The $1.00/share annual dividend represents a dividend payout ratio of ~15% based my estimated forward diluted EPS of ~$6.53. I envision MA will continue to generate strong Free Cash Flow and servicing the dividend will be a non-issue.
I indicated that MA’s dividend takes somewhat of a back seat to capital gains. There capital gains have been partially achieved through the repurchase of a significant number of shares over the years.
Share count as at FYE2008 was 1,301 million shares.
As at the end of FY2016 and 2017, share count was 1,101 million and 1,072 million respectively.
Here we are…end of Q3 and the weighted-average shares outstanding is down to 1,050 million!
There are some industries out there where the top 2 or 3 companies own a commanding market share and despite all the challenges they face…they just seem to continually print money. MA and V are examples of two companies that fit this description.
Some people will debate whether V is better than MA or MA is better than V. Quite frankly, I don’t really care and this is why I have chosen to own both.
I do not yet know what MA has forecast for 2019 but my instinct tells me that earnings will be higher in 2019 just like 2018 earnings will be higher than 2017, and 2017 earnings were higher than 2016 earnings…and so on and so on.

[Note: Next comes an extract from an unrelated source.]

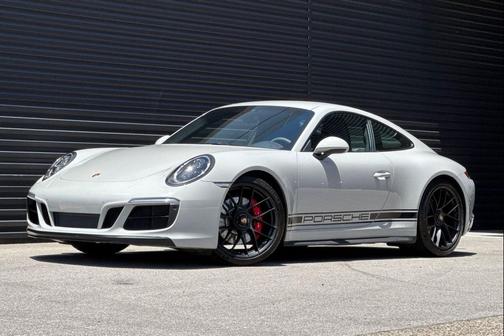 Chalk 2019 Porsche 911 Carrera GTS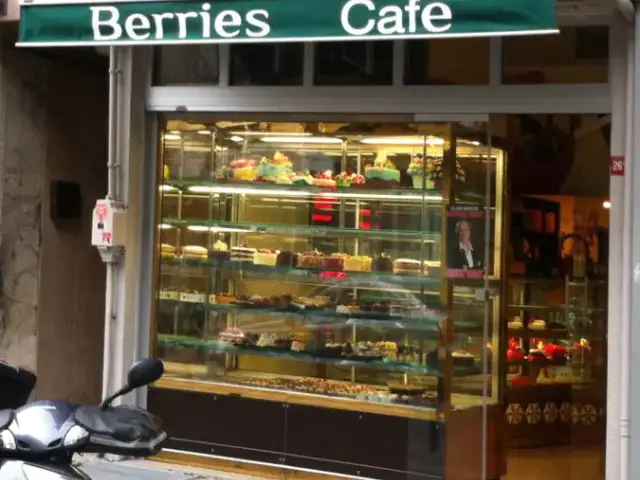 Berries Cafe'nin yemek ve ambiyans fotoğrafları 3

The outstanding legal matter I reference earlier in this article…sure, that is a huge cloud hanging over MA and V but I envision this legal matter dragging on for a few more years. During that time, these two companies will continue to print money. Even after they come to a settlement I expect them to continue to be highly profitable.

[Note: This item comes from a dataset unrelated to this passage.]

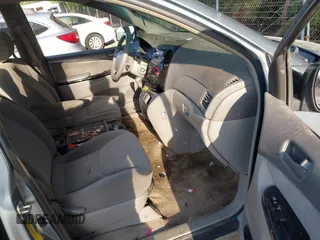 2005 Toyota Sienna CE with VIN 5TDZA23C55S303298, listed as a IAAI auction lot 42580654 with Not provided miles and . Bid and sale history available at DreamBid. Image 5.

With the recent pullback from the $225.35 52-week high and the earnings I anticipate MA will generate this year and in the future, I decided to acquire another 150 shares for the ‘side accounts’ segment of the FFJ Portfolio on October 30th; the FFJ Portfolio currently holds 400 shares at an average cost of ~$124.
There are also 22 MA shares that were acquired some time ago that have been sitting in an investment account. I am taking these 22 shares and am also moving them into FFJ Portfolio ‘side accounts’ thus bringing this portfolio’s MA exposure to 572 shares.
I wish you much success on your journey to financial freedom.
Thanks for reading!
Note: I sincerely appreciate the time you took to read this article. Please send any feedback, corrections, or questions to [email protected].
Disclaimer: I have no knowledge of your individual circumstances and am not providing individualized advice or recommendations. I encourage you not to make any investment decision without conducting your own research and due diligence. You should also consult your financial advisor about your specific situation.
Disclosure: I am long MA and V.
I wrote this article myself and it expresses my own opinions. I am not receiving compensation for it and have no business relationship with any company whose stock is mentioned in this article.